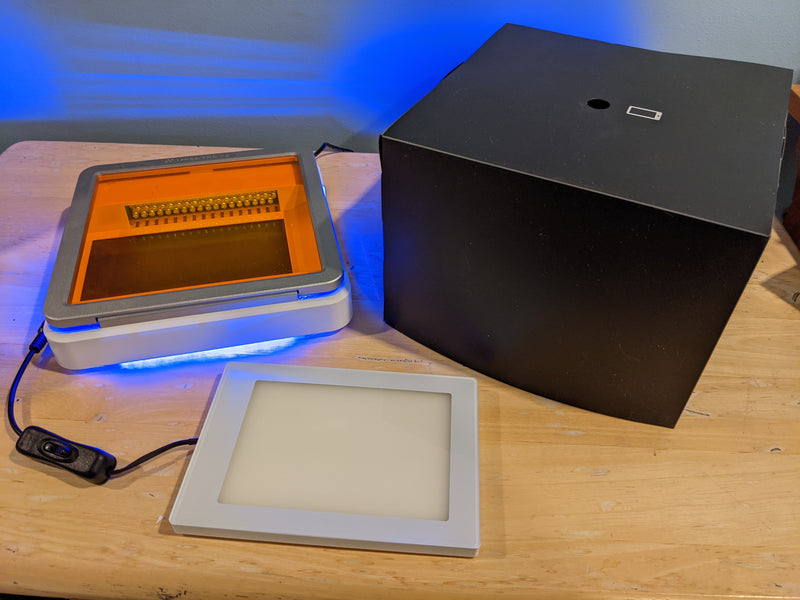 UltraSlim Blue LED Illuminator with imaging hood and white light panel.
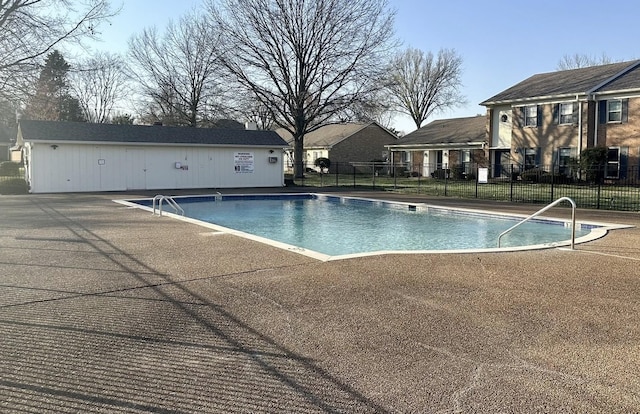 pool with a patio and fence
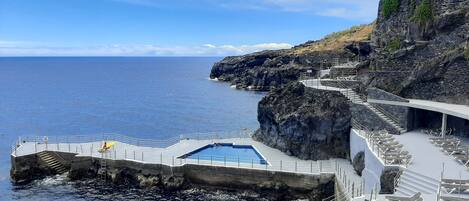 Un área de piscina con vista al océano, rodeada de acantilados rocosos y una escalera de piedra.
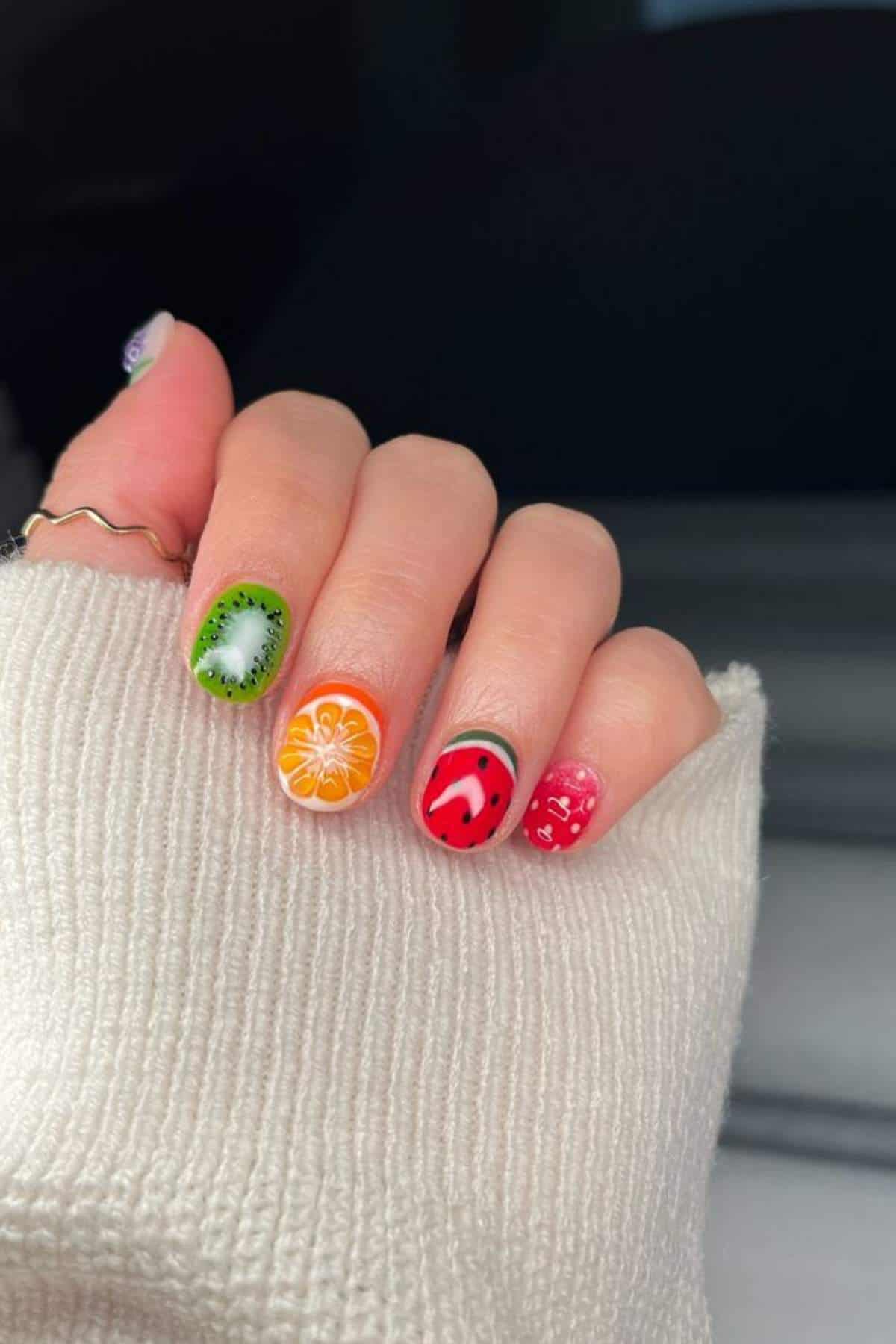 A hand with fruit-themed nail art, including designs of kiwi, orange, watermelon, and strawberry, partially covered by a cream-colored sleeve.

DESCRIPTION OF THE TASK: For this exercise, restate the material exactly and skip every picture.

OUTPUT:
 UltraSlim Blue LED Illuminator with imaging hood and white light panel.
 pool with a patio and fence
 Un área de piscina con vista al océano, rodeada de acantilados rocosos y una escalera de piedra.
 A hand with fruit-themed nail art, including designs of kiwi, orange, watermelon, and strawberry, partially covered by a cream-colored sleeve.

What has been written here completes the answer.